Page MenuHomePhabricator

Possible to run writes (e.g. UPDATE) on Beta Cluster replica
Closed, ResolvedPublic

Description

I assume this is the same in prod, but I'm not sure.

I accidentally did a write operation on:

sql enwiki

on the Beta Cluster (see T109982), because I thought that still provided master. legoktm told me it now provides slave, but the UPDATE did not fail.

Not sure if this also applies to stat1003.

(I'm going to try to correct this case by re-running in master.)

Event Timeline

All the sql command was changed to do was connect to a server returned by wfGetLB()->getServerName(wfGetLB()->getReaderIndex()) by default instead of wfGetLB()->getServerName(0), see T105046

However, it does appear that read_only is OFF on both deployment-db1 and deployment-db2.

Not sure if this also applies to stat1003.

Isn't that a production analytics host? What does it have to do with anything?

Isn't that a production analytics host? What does it have to do with anything?

There are also slaves of the wiki databases accessible from there:

mysql:research@s3-analytics-slave [mediawikiwiki]> SELECT * FROM page ORDER BY page_id DESC LIMIT 1;

Wondering if those slaves would also allow accidental UPDATEs.

jcrespo triaged this task as Medium priority.Sep 8 2015, 9:46 AM
jcrespo added a subscriber: jcrespo.

Analytics stores (dbstoreX) are all with read_only=0 (aka s3-analytics-slave).

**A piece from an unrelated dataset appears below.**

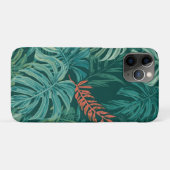 Lush Emerald Jungle Print Case-Mate iPhone Hülle (Rückseite (Horizontal))
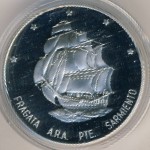 Аргентина, 25 песо (2002 г.)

I do not know yet, I suppose that because they have their own databases that they have to write to.

Slaves on beta should be fixed, but I will need help for that.

I have also created T111766.

From wmf-config/db-labs.php the Beta-Cluster-Infrastructure has two SQL servers, a master and a slave:

        'hostsByName' => array(
            'deployment-db1'  => '10.68.16.193', # deployment-db1.eqiad.wmflabs
            'deployment-db2'  => '10.68.17.94', # deployment-db2.eqiad.wmflabs
        ),
...
        'sectionLoads' => array(
            'DEFAULT' => array(
                'deployment-db1'     => 0,
                'deployment-db2'     => 400,
            ),
        ),

I think at one point some database had db2 has the master and db1 has the slave but that is no more the case apparently.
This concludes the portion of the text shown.